Francois-Marie Arovet Voltaire was a French writer and philosopher. His writings covered religious and political systems as well as scientific research and French culture. His often quoted “The perfect is the enemy of the good” commentary impacts many aspects of engineering and project management. In some respects it symbolizes many of the conflicts and paradoxes that all professionals face and that many individuals face in everyday life.
Engineering is fundamentally the delicate balancing of constraints – time, money, labor, materials, performance, etc. It is the perfectionism of highly educated and skilled individuals counterbalanced in a world of imperfect information, imperfect budgets, imperfect time frames, and imperfect practices and philosophies. It is the professional who constantly monitors his or her own work and tries to improve it, that is, to make it better, even if it is good or good enough. It is the will of the individual versus the goals, attitudes, and motives of a larger team, group, or organization.
The conflict really starts in the first grade as a little ditty – “Good, better, best, never let it rest, till your good is better, and your better's best.” It continues with high school history with Clausewitz’s statement that “The greatest enemy of a good plan is the dream of a perfect plan.” Or Patton in 1944, “The best is the enemy of the good.” It is followed by the music teacher or football coach that loudly proclaims “Good enough promotes meritocracy by reducing desire for the best” as your day comes to an end. Standards are announced and set. Yes they are set – but never defined. A sliding scale of subjective interpretations becomes the norm. No definition, no meaning, no reflective comparisons – just a ranked order – terrible, poor, mediocre, fair, good, great, superb, perfect. What is the difference between good and great? How does one reconcile a lifetime of mixed messages and angst over a poorly defined sliding scale of performance expectations?

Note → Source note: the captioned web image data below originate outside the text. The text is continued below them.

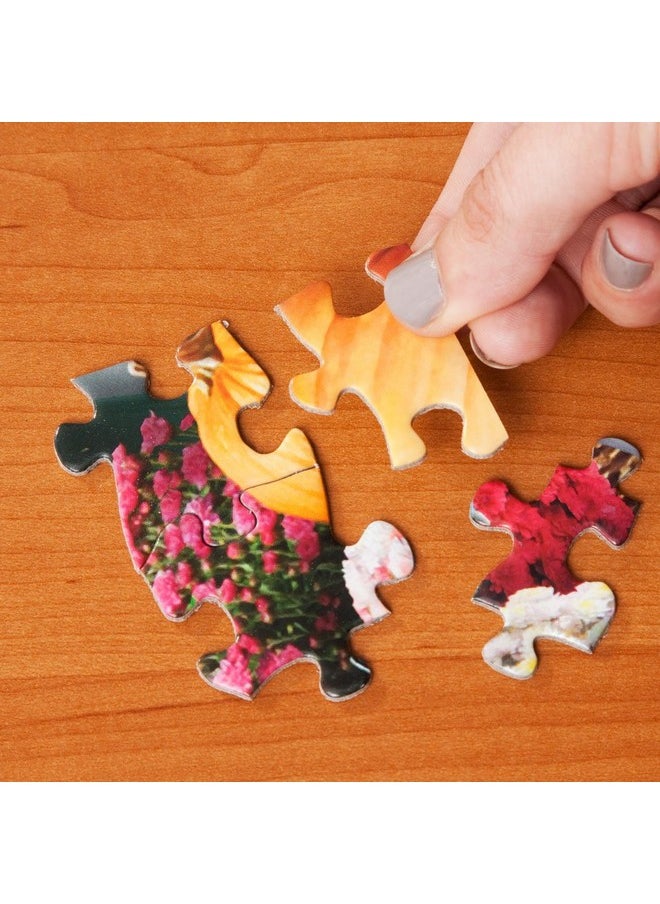 Bits and Pieces - Value Set of Three (3) 300 Piece Jigsaw Puzzles for Adults - Each Puzzle Measures 18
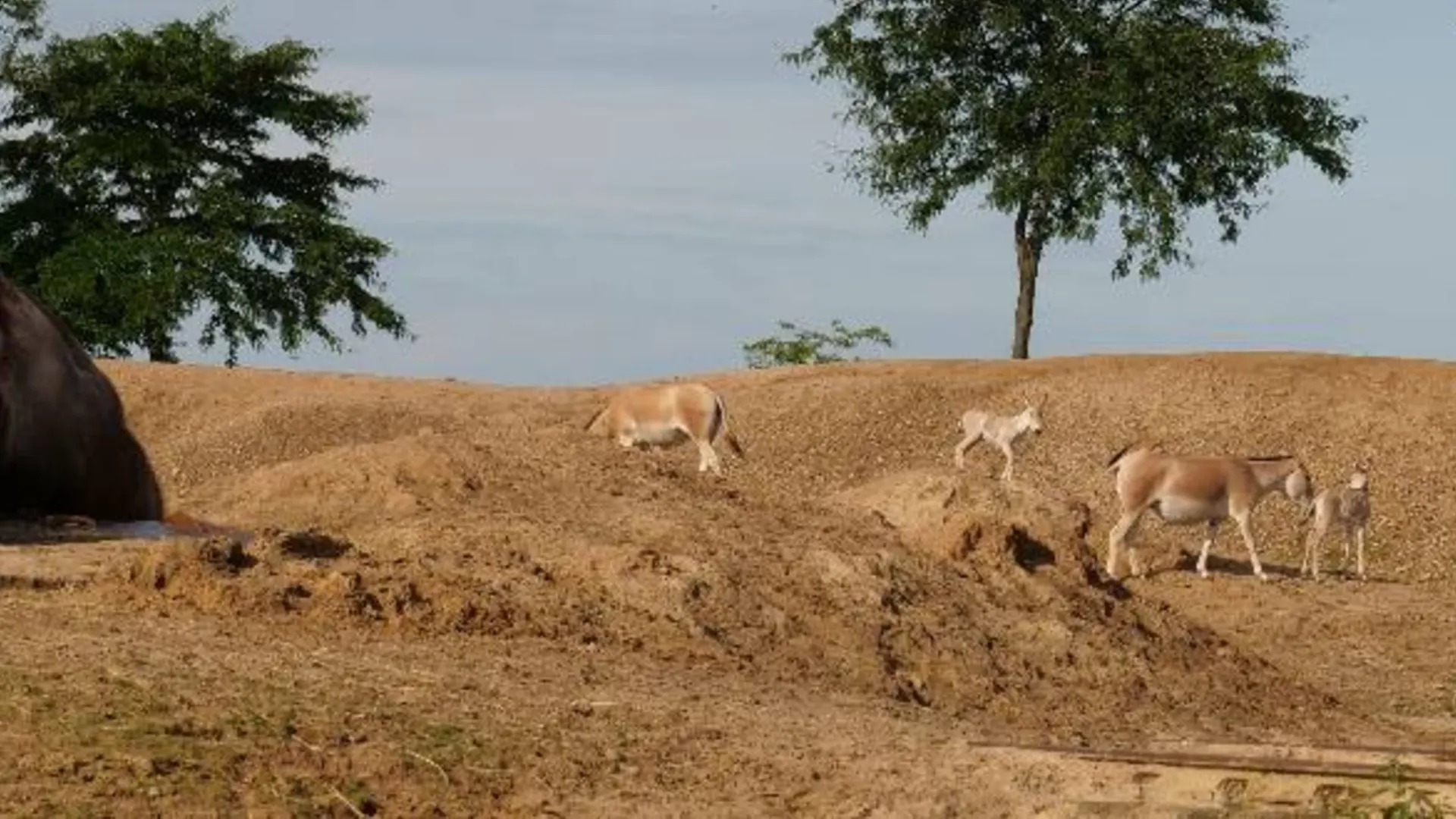 Twee onagers geboren in Wildlands Emmen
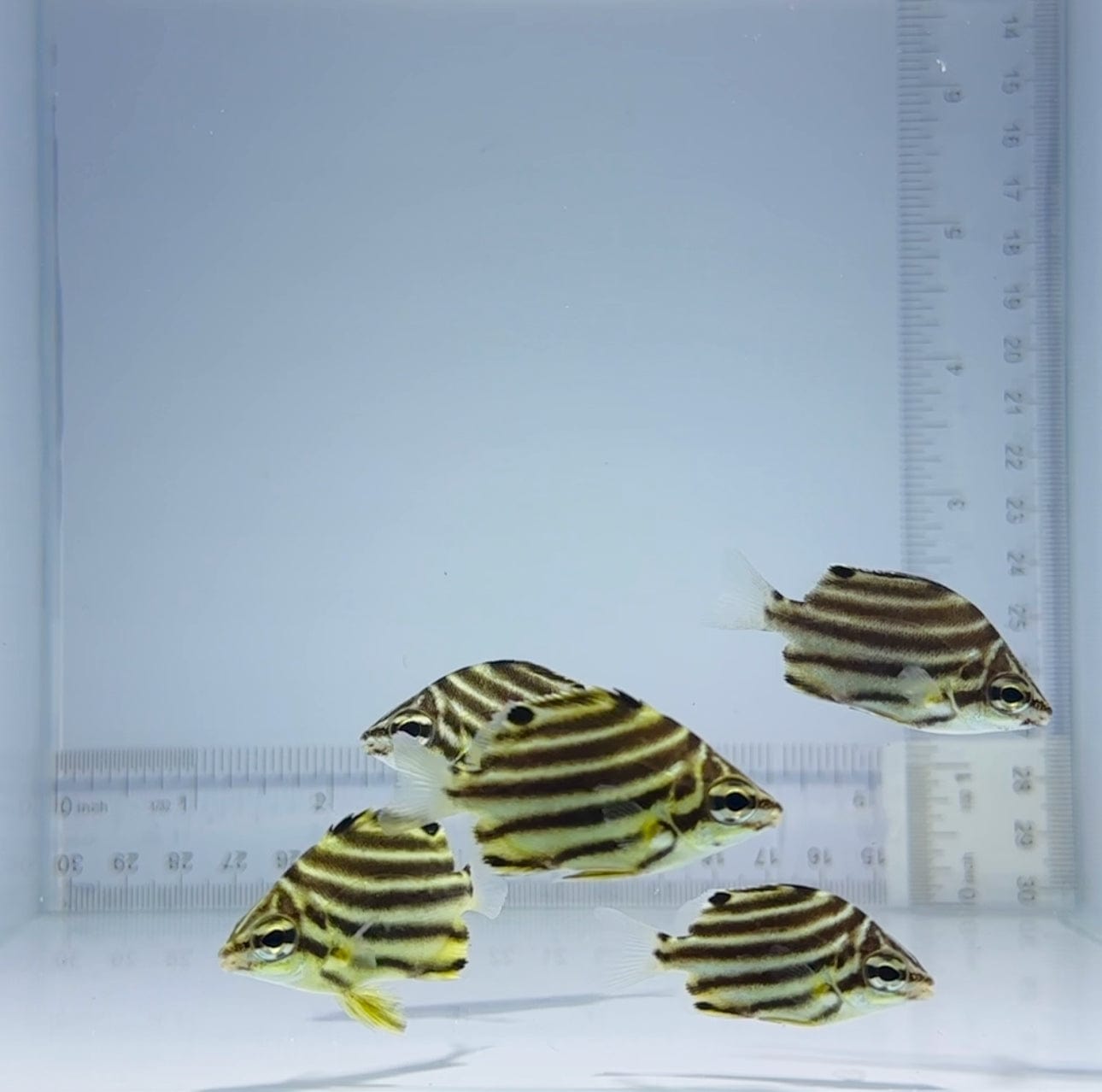 Premium Australian Stripey Fish - Fresh, Wild-Caught Seafood for Grilling, Baking & Sushi | Perfect for BBQs, Dinner Parties & Healthy Meals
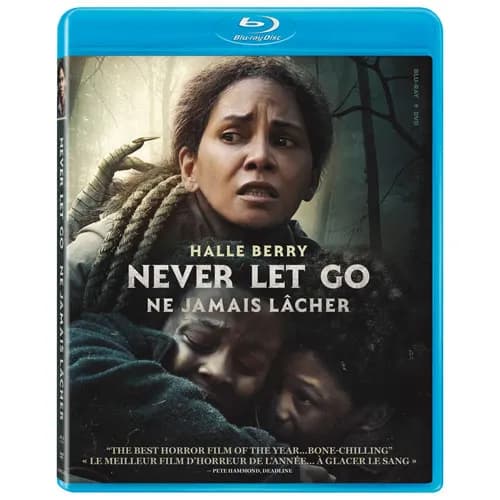 Never Let Go cover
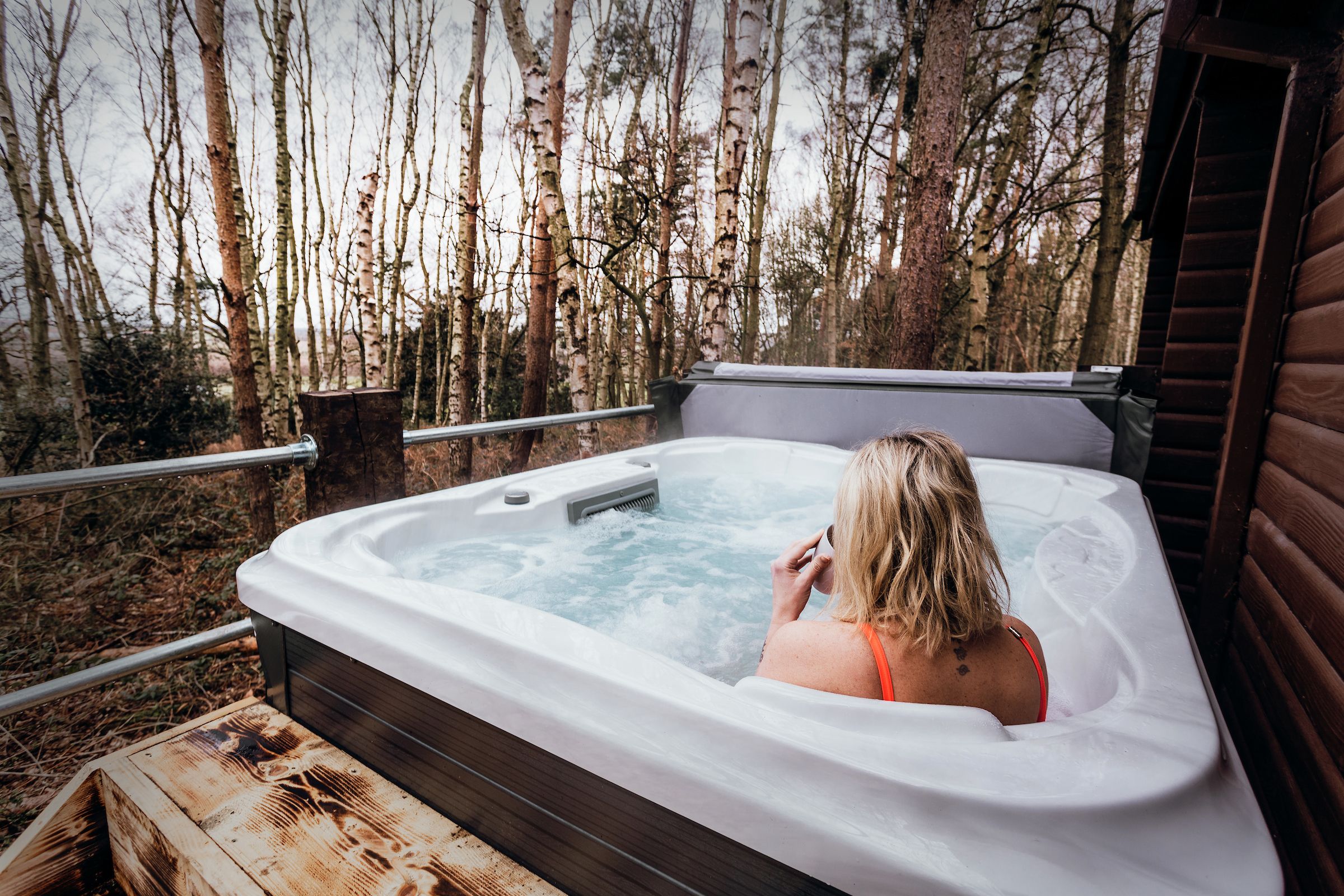 Sherwood Valentino pet 2A HOT TUB image 2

The guiding light in life is constraint acceptance and management – not just for the professional portions of a life. The reason Tiger Woods made the jumps from fair to good to great to superb was the elimination of time constraints. Golf had no other competition. Intense practice and preparation without the conflict of time has the potential to produce perfection. Malcolm Gladwell, in his book Outliers: The Story of Success (2008) makes the same point regarding the Beatles. Before they performed in the United States in 1964, the group had played live over 1,200 times during a year and a half period. Clearly time was not a constraining factor.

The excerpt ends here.